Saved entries
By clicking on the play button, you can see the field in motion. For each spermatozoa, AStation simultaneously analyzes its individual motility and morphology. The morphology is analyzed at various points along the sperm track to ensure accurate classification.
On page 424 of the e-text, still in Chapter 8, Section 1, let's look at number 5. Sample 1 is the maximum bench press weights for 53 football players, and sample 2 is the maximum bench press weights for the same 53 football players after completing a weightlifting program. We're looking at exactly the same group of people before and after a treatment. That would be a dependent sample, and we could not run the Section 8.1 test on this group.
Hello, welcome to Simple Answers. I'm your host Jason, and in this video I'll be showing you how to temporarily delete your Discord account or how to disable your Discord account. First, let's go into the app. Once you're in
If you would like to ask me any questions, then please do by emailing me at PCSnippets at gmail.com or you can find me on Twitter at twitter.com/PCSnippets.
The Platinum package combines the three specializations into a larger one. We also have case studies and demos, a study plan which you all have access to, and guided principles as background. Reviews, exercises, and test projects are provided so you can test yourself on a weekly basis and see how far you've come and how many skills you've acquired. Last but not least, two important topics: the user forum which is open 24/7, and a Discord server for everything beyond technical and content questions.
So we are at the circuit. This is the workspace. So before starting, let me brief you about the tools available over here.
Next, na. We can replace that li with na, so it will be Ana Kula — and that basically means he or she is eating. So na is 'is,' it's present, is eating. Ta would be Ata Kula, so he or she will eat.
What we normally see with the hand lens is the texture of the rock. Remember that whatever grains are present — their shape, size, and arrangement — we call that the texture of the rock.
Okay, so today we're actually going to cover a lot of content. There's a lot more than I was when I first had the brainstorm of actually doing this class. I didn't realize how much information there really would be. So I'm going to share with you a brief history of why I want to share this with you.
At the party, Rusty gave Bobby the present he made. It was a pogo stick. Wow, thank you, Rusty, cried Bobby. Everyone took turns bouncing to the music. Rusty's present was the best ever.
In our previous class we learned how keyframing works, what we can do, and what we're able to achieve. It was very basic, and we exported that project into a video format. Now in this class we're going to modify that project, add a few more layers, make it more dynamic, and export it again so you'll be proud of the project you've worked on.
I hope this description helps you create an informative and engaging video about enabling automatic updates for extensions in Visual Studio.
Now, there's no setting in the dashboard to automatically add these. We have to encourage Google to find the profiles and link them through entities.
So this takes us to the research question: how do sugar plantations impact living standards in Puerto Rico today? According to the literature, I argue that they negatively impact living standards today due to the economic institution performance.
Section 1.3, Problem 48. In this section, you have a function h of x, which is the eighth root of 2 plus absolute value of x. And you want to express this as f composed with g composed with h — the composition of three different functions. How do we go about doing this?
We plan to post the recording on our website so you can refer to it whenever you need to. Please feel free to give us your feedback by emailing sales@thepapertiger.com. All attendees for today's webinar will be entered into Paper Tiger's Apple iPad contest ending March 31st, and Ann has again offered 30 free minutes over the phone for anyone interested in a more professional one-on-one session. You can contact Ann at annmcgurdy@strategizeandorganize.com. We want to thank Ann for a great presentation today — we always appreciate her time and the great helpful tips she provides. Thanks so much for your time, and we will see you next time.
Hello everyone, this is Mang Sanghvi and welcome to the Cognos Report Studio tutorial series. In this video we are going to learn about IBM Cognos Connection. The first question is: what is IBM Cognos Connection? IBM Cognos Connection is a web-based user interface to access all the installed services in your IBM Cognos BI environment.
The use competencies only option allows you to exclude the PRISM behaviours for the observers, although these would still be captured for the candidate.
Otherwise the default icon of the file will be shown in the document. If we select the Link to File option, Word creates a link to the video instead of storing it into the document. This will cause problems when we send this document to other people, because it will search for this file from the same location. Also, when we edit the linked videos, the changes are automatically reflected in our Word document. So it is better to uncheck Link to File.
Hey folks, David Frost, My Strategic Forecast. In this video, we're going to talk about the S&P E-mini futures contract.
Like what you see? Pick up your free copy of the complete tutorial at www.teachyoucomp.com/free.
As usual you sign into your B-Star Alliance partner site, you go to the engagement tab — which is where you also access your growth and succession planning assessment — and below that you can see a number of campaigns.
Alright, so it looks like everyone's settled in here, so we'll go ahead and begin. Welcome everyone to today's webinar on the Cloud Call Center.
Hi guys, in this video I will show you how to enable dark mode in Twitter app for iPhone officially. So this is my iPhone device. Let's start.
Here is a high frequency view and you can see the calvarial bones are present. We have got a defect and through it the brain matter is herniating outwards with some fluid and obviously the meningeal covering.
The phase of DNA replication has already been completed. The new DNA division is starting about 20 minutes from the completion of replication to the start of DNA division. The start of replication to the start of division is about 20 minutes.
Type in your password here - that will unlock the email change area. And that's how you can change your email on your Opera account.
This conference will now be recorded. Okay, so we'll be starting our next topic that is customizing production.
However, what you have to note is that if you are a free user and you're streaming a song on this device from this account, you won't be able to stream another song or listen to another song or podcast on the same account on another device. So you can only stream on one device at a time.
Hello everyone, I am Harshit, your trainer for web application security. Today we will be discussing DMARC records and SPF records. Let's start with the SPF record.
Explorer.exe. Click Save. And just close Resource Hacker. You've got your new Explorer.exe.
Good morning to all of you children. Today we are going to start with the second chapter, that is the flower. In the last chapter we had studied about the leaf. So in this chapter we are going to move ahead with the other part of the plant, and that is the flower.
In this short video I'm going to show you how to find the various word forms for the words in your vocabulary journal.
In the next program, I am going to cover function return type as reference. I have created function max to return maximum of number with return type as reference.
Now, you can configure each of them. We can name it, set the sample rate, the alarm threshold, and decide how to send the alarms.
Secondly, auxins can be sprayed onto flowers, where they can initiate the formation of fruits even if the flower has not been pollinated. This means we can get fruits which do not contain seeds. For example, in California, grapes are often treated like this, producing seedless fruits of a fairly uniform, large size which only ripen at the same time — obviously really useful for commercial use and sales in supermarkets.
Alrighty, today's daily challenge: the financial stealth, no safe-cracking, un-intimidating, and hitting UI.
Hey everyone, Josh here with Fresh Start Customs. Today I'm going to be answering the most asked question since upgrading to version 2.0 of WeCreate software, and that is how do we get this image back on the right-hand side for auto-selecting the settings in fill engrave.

▶ _EXERCISE GOAL_
Retype exactly the lines above, from the one with "Section 1.3, Problem" through the one with "We plan to post", inclusive.

▶ _EXERCISE ANSWER_
Section 1.3, Problem 48. In this section, you have a function h of x, which is the eighth root of 2 plus absolute value of x. And you want to express this as f composed with g composed with h — the composition of three different functions. How do we go about doing this?
We plan to post the recording on our website so you can refer to it whenever you need to. Please feel free to give us your feedback by emailing sales@thepapertiger.com. All attendees for today's webinar will be entered into Paper Tiger's Apple iPad contest ending March 31st, and Ann has again offered 30 free minutes over the phone for anyone interested in a more professional one-on-one session. You can contact Ann at annmcgurdy@strategizeandorganize.com. We want to thank Ann for a great presentation today — we always appreciate her time and the great helpful tips she provides. Thanks so much for your time, and we will see you next time.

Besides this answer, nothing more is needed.